Obviously there is significant overlap, and much of that is due to what philosophers term the moral law, that seemingly instinctual notion of right and wrong which to one degree or another everyone in the world shares. But our codes go beyond don’t kill or steal or dishonor your parents, and some of the restrictions at times seem peculiar.
There are dietary limitations, of course. Muslims cannot eat pork or drink alcohol. Jews have complicated lists of what they can and cannot eat, barring most mammals that are not simple herbivores, all seafood that is not scaly fish, any non-mammalian land-based animal, and numerous birds. Some eastern religions bar eating any meat, fish, or poultry at all.

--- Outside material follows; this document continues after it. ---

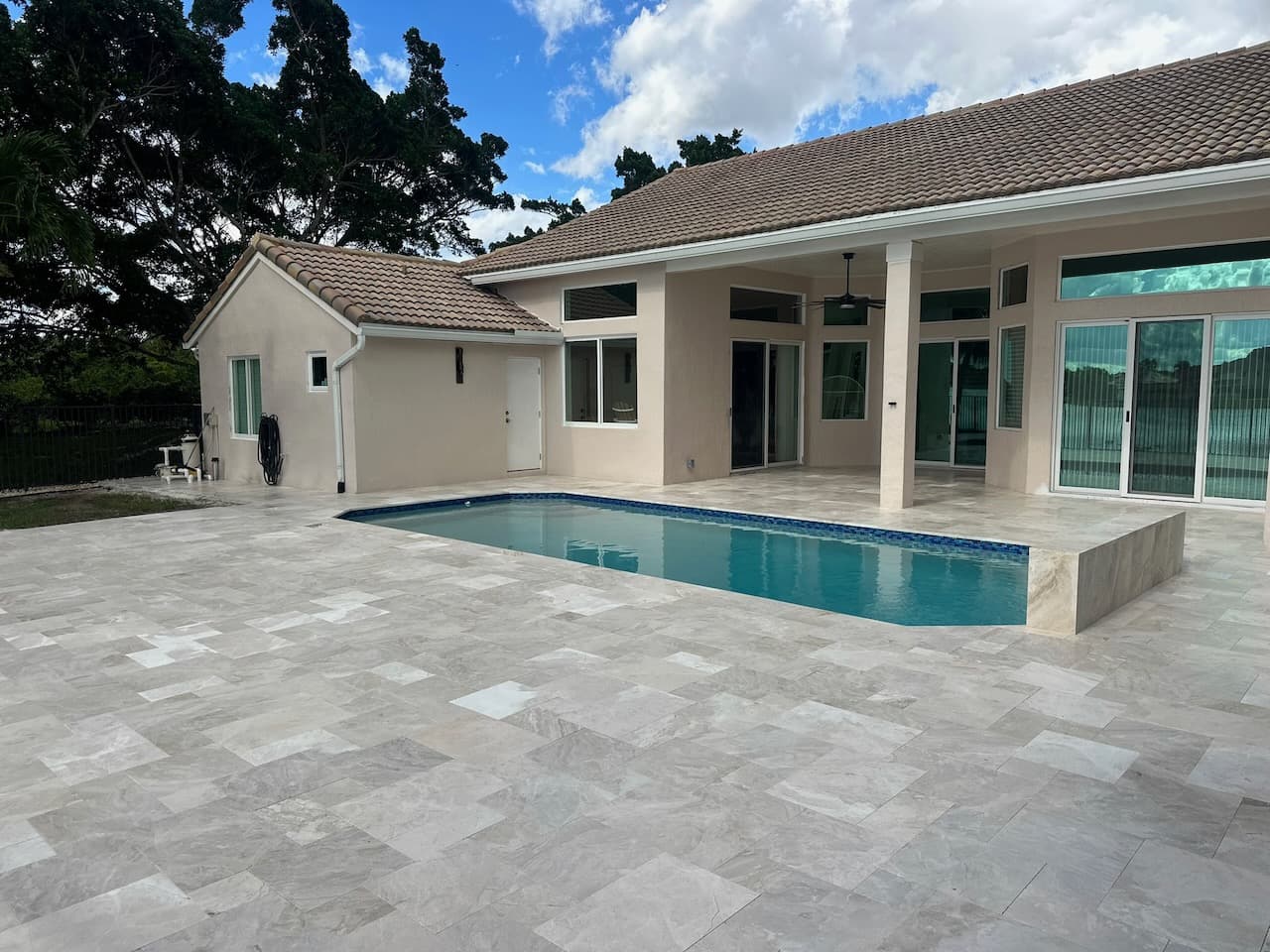Pool renovation and outdoor living project photo 32 - Blue Clair Pool South Florida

There are other restrictions in such codes as well, such as whom you can marry, and sometimes with whom you can associate.
Beyond that, there are professional codes, rules you are expected to follow if you are a craftsman or a tradesman or a shipper. There are codes of honor adopted by knights and noblemen, and these differ from country to country, order to order. Some of these are as ridiculous as what weapons you are permitted to use in battle, what products you are permitted to produce and sell and transport. In some cultures, even thieves and assassins have codes they are expected to follow. In modern times lawyers have codes of ethics, and can be punished, even disbarred, for violating them. Doctors similarly have rules they are expected to follow, and of course ministers, priests, and rabbis are all scrutinized despite the lack of unified oversight.
These restrictions all have a degree of being dictated by someone else, but that’s not always the case. Individuals frequently devise their own rules regulating their own conduct, and often expect others to act similarly. A married soldier of my acquaintance had no qualms about sleeping with any girl he could seduce, with the limitation that you did not seduce the wife of a close friend. He was livid when his own wife slept with his best friend; that was a violation of his code.
The personal codes of individual characters within the fictional world add significantly to the nature of play and the personalities of those characters. This applies to the myriad of non-player characters, from the barman who does not allow gambling in his establishment to the nobleman who expects anyone seeking audience with him to be appropriately attired to the stablehand who won’t take responsibility for a horse that has been mistreated. It also obviously applies to the player characters, who are going to have some of these restrictions dictated by their character design but others adopted as part of character development.
It brings the exploration of the moral and ethical into the shared imagined space, and in so doing opens questions about religion and faith.